Compay Segundo dans "Buena Vista Social Club" de Wim Wenders (1999) Compay Segundo dans "Buena Vista Social Club" de Wim Wenders (1999)
Compay Segundo dans "Buena Vista Social Club" de Wim Wenders (1999)

3. Buena Vista Social Club de Wim Wenders (1999)

 

Film documentaire sur la musique de CubaBuena Vista Social Club reprend le nom du célèbre groupe et album de musique cubaine, qui lui-même rend hommage au nom d’une fameuse boîte de nuit de la Havane. Suite à la sortie de l’album, Wim Wenders est poussé par l’un des membres du groupe, Ry Cooder (guitariste américain, compositeur de la musique des films Paris, Texas et The End of Violence), à venir à Cuba pour filmer les séances d’enregistrement de leur prochain opus.

 

Le film plonge alors en immersion dans les jams affolés du groupe et les fêtes nocturnes de La Havane. Ponctué d’images d’archives et d’interviews, le long-métrage dresse un portrait d’un Cuba en pleine évolution. La sortie de l’album et du film provoque un regain d’enthousiasme pour la musique latine des années 30 et 50, faisant de Buena Vista Social Club l’hymne de Cuba à travers le monde.

Fidel Castro dans "Comandante" d'Oliver Stone (2003) Fidel Castro dans "Comandante" d'Oliver Stone (2003)
Fidel Castro dans "Comandante" d'Oliver Stone (2003)

4. Comandante d'Oliver Stone (2003)

 

Comandante est probablement le documentaire le plus controversé de cette sélection. Américain, il continue aujourd'hui encore de faire polémique. Son procédé est simple : Oliver Stone a interviewé Fidel Castro pendant trois jours, faisant de son film un portrait intimiste du plus grand opposant au régime américain. Le leader cubain y évoque notamment sa jeunesse, son accession au pouvoir et donne son point de vue sur la situation de Cuba au moment du tournage. Interdit lors de sa sortie aux États-Unis, le film n’a jamais été diffusé sur le sol américain.

 

Prenant toujours le contrepoint du révolutionnaire, Oliver Stone pousse ce-dernier dans ses retranchements de manière éhontée et sans fioritures, cherchant à obtenir un témoignage à vif, sans filtre. Certains ont d'ailleurs reproché au réalisateur son procédé simpliste, questionnant l'intérêt du film qui prend la forme d'une longue interview. 

Oona Chaplin et une jeune fille dans "Epicentro" d'Hubert Super (2020) Oona Chaplin et une jeune fille dans "Epicentro" d'Hubert Super (2020)
Oona Chaplin et une jeune fille dans "Epicentro" d'Hubert Super (2020)

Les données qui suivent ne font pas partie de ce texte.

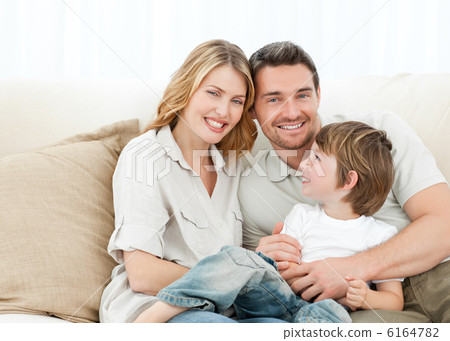 Happy family on their sofa 6164782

5. Epicentro d’Hubert Sauper (2020)

 

En salles le 19 août prochain, le documentaire d’Hubert Sauper plonge dans les rues de Cuba, parmi les enfants et les touristes, pour dresser un portrait métaphorique de l’île. La mise en lumière du cinéma comme art fondamentalement politique permet de revenir sur l’histoire de la Révolution depuis un angle original. En partant de l’explosion du cuirassé américain USS Maine en 1898, soupçonnée ici de n’être en fait qu’un trucage cinématographique, le réalisateur questionne les enfants qu’il fréquente sur leur vision de l’impérialisme, de la domination américaine et de la situation actuelle du pays. Des questions qui peuvent sembler décalées par rapport au jeune âge des intéressés, mais qui pourtant suscitent chez eux des réactions tout à fait passionnées et intelligentes. Très conscients de l’histoire de leur pays, les enfants de la révolution entonnent les chants à la gloire de Castro tout en tenant des discours humanistes vibrants de sincérité. Le réalisateur les surnomme "les jeunes prophètes".

 

Parmi les visages cubains se détache celui de la petite fille de Charlie Chaplin, Oona, qui vient parler de cinéma avec les jeunes et leur apprend à jouer. Avec sa guitare elle enchante le documentaire et constitue un point d’ancrage très réel dans le cinéma, revenant sur les films de son grand-père. Très critique envers la récente ouverture du pays au tourisme de masse, Epicentro aborde les questions de représentations avec finesse. En explorant ainsi des siècles d’interventionnisme et de fabrication de mythes, Hubert Sauper ajoute de nouvelles lettres de noblesse au genre du documentaire, si cher à Cuba. 

 

 

Epicentro, d'Hubert Sauper. En salles le 19 août 2020.